Finishing a PhD is tough. I described it to someone the other day as a type of sickness or a heavy bag that you carry on your shoulder everywhere you go. I know it sounds doom and drama, but that’s what it is like sometimes. But far from feeling troubled today, I feel quite the contrary. I feel as if I am ready to bring it home. Personal circumstances and being v.v. poor (which is the plight of the PhD student I know) have made it very problematical, and what with the world of work and the contradictions that entails, I have felt the thesis slipping little by little away from me at the end of 2007. But now I’ve gone all Noel Gallagher “Wonderwall” about it. The word on the street is that the fire in my heart is out. Not me, noooooo. My sense of deep emotional attachment to the thesis is still very much mother and child. I am incredibly protective, and for some reason at the moment it feels as if my back is against the wall and it’s fight or flight.

New Years Resolution or “over tired”

A little window into your heroines’ personal life…

2nd of Jan and I am feeling most doolally.

I was full of optimism and gusto for the year ahead but have come to the sober realisation today, that yesterday I was still intoxicated. I twittered that I was “half human, half mojito” and to some extent this true, as on the 1st Jan 08 there was more alcohol in my veins than actual blood.

I had been saving some very fine 7 year old rum, which I’d purchased earlier in the year on a trip to Havana for a special occasion. 2007 had many special occasions, but the rum remained wrapped in the dark in the back of a cupboard until the 31st . Anyhow it began its’ fate the way most Cuban rum does, as a mojito, but by 11pm my friends & I were sat drinking it neat & commenting on its’ spicy aroma in the manner of that Jilly (where is she now?) lady who used to go all O.T.T with the wine on the BBC food and Drink show. The rum was almost our downfall as at 11:55 we only just managed to hot foot it down to the Thames to watch the fireworks. Believe me this is not easy in 5inch spiked heels. Although foot/shoe fetishist might argue that my foot looked hot, running was a complex thing.
A pub-lock in, several bottles of champagne, a ridiculous packet of menthol cigarillos thingies later, + some poached eggs on toast, I somehow made it home the following afternoon, albeit dressed as a lunatic. I had a very nice sparkly dress for the occasion of NYE, but for the walk of shame home on the 1st I had gathered some sort of paper mask with a 3rd eye, which made me look like someone from WWF. At what point during the evening I had been given/stolen this I am not sure, but the renegade in me said “Hey keep it on”. I also donned a pair of coral coloured velor track suit bottoms, and ditched the spiked heels for ballet bumps in order to be able to negotiate public transport and steps It’s very liberating dressing as a lunatic by the way, except when other lunatics spot you, and try to make lunatic conversation, which happened to me on the train ride home. Nonetheless I remained in the crazy person get up until a) someone very kind placed carbohydrates in front of me that I could eat without thinking & b) I had to get undressed to get in a bath.

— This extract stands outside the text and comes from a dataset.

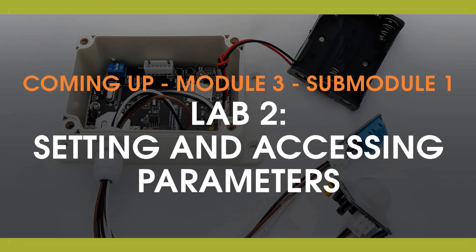Now that we've written our first command, in lab two, we're going to send and access parameters dynamically.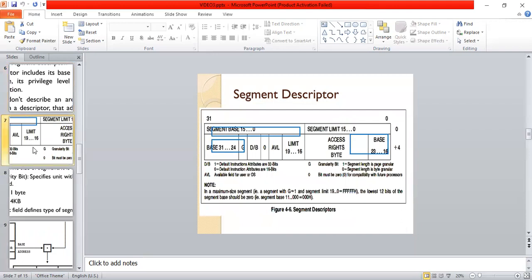A segment descriptor includes a segment base and a segment limit, both of 15 bits. The default instruction attributes are 32-bit if D=1, and 16-bit if D=0. The available field is for users or the OS. The granularity bit: if G=1 the segment limit is page granularity; if G=0 the segment limit is byte granularity. It must be zero for compatibility with future processors. A maximum-size segment has G=1 and segment limit equal to 9FFFFFH, with the lowest 12 bits of the segment set to zero.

See, who ever said that academics do not know how to have fun?

But back to doolallyness. It is quite possible that I am feeling restless due to the binge smoking on the 31st ergo I am suffering a massive nicotine withdrawal as a now ‘non smoker’. The 2nd theory that I have come up with is that OneNote which I use at work, destroys brain cells. But deep down, I think it is the resolution I made yesterday that in 2008, “ I will finish the thesis, oh yes, I will finish the thesis” and the pressing feeling that I really, really, must get on with it now. It’s a little incongruous that blogging about it, is a keeping me from writing the real thing don’t you think?

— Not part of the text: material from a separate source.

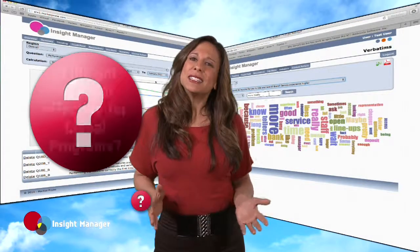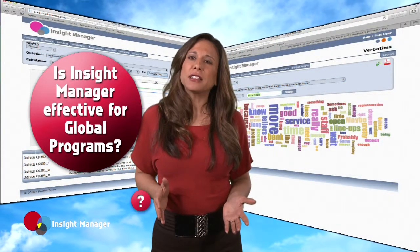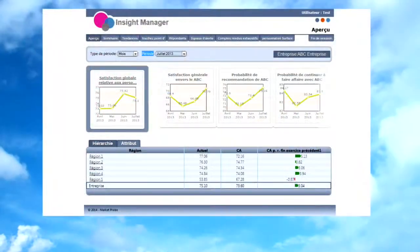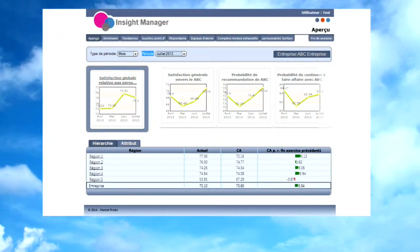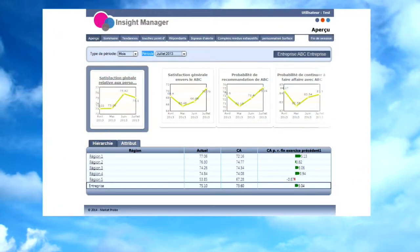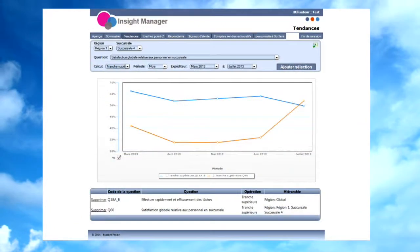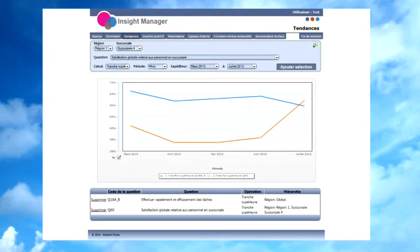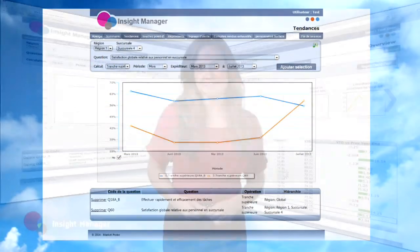Is Insight Manager effective for global programs? Absolutely. It can accommodate many different languages and can also incorporate local currencies and calendars.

The national average to complete a PhD FT is 4 years and April 08 will mark 3 years for me. 2.5 of which have been done FT. I was ahead of the game but it is dawning on me that the final writing up will require complete focus.

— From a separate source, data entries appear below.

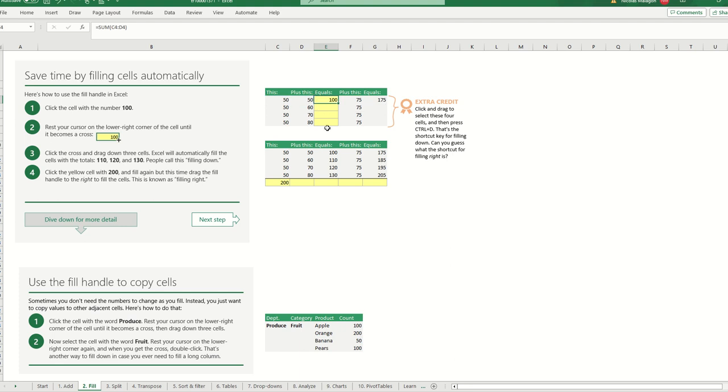And I said no, I can just fill it and the formula will appear automatically, so you don't have to do it 300 times. Okay, so this is very useful.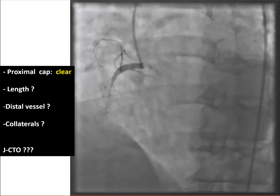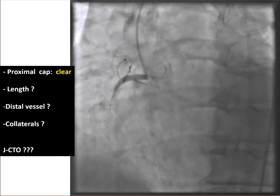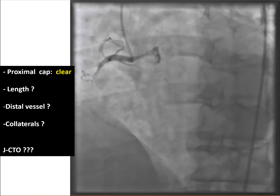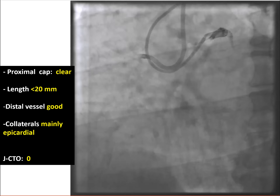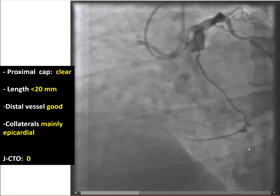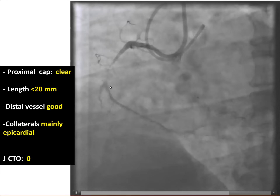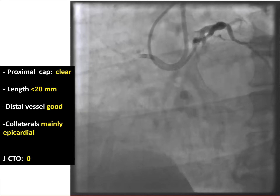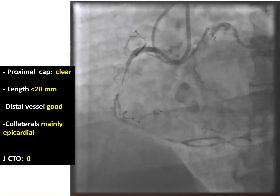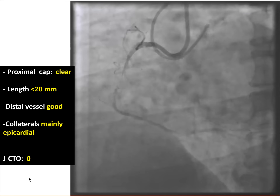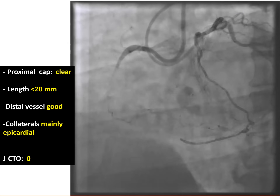This is an example of a right coronary artery CTO with single injection. It's hard to fully appreciate because the only thing we can see is a clear proximal cap, whereas the length, the distal vessel, and the collaterals are unclear. However, once we do a dual injection, it is now evident that the distal vessel is of good quality and large caliber, that the occlusion is short, the collaterals are mainly epicardial, and the JCTO score is zero, suggesting the vessel would be easy to cross — as was indeed the case in this patient.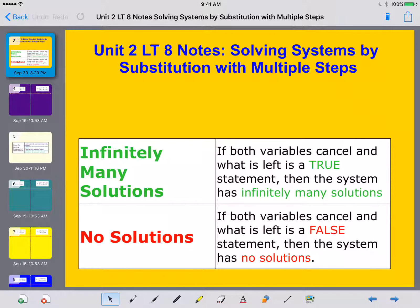Hey, ladies and gentlemen, this is Mrs. Beckman here, and today we're going to be going over Unit 2 Learning Target 8. We're going to talk about solving systems with substitution using multiple steps. Let's talk about something we also covered with elimination: infinitely many versus no solutions.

Woe & misery. Good bye fantabulous lifestyle, hello keyboard.

I am feeling less than focused at the mo – perhaps I am just over tired.

The eight types of graduate student

Not my words but an article from The Guardian that I thought was pretty good. Like the author I think I am also probably no 6 with a touch of 2.

Why are we postgrads here? Well, for lots of reasons, says Patrick Tomlin

Tuesday May 15, 2007
The Guardian

When I started this column, I promised myself I wouldn’t let it become a
monthly whinge about how poor I am. Partly because that would be as boring
as if I stood in your garden and recited excerpts from my thesis, and partly
because, as graduate students go, I’m not too badly off.

But I have had to make financial sacrifices to pursue my studies. Given that
everyone else has presumably had to do so too, I initially figured that we
must all be there because of a pure thirst for knowledge. I’ve since
realised, however, that the impulses that draw someone to academic study
beyond graduation are a lot more varied than that.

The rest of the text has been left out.